Fig. C.

The back or flat part is held from you in shooting, and the bevelled or rounded part towards you. Scrape the bow with glass and smooth it with sandpaper.

To shape your bow lay it on a stout, flat piece of timber, and drive five ten-penny nails in the timber, one at the centre of your bow, and the others as in figure below, so as to bend the ends for about six inches in a direction contrary to the direction in which you draw the bow: ([Fig. D].)

Fig. D. (A and B are six inches from the ends. The bow is bent slightly at C.)

Your bow is now finished as far as the woodwork is concerned, and you may proceed to wrap it from end to end with silk or colored twine, increasing its elasticity and improving the appearance. The ends of the wrap must be concealed as in wrapping a fish-hook. Glue with Spaulding’s glue a piece of velvet or even red flannel around the middle to mark your handhold. The ends may in like manner be ornamented by glueing colored pieces upon them.

A hempen string, whipped in the middle with colored silk, to mark the place for your arrow nock to be put, in shooting, will make a very good string.

For arrows any light, tough wood, which splits straight, will do.
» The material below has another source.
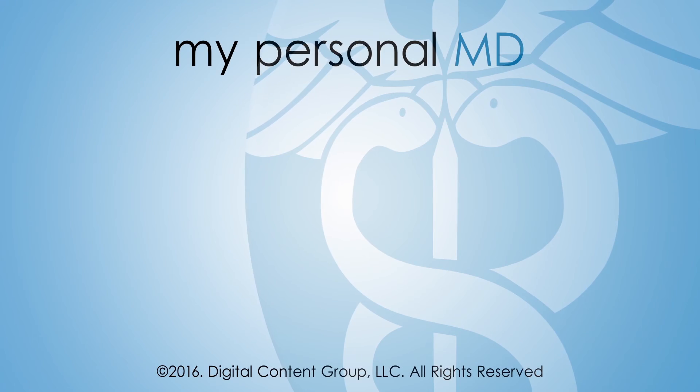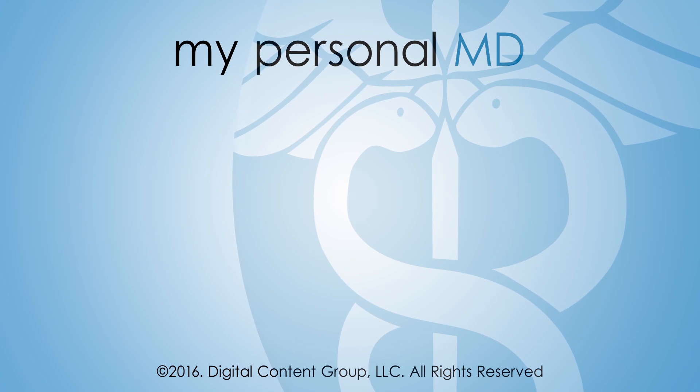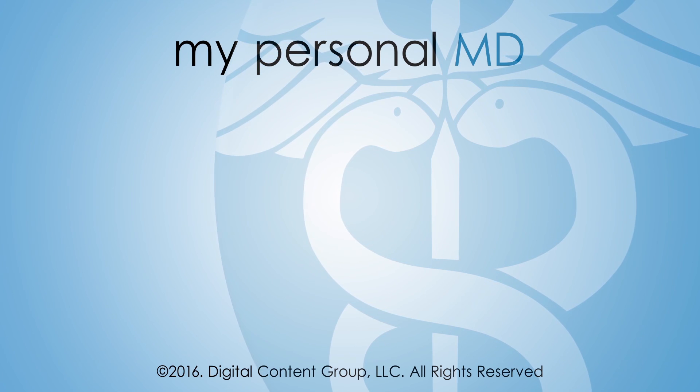If you suspect you have a stress fracture, you should seek immediate treatment so the condition does not progress to a full fracture. To learn more, subscribe to My Personal MD Now and be sure to check back each week for new videos.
I use white pine, which may be gotten from an ordinary store-box, and for hunting-arrows seasoned hickory. These must be trimmed straight and true, until they are in thickness about the size of ordinary cedar pencils, from twenty-five to twenty-eight inches in length. They must be feathered and weighted either with lead or copper, or by fastening on sharp awl-points or steel arrow-points with wire.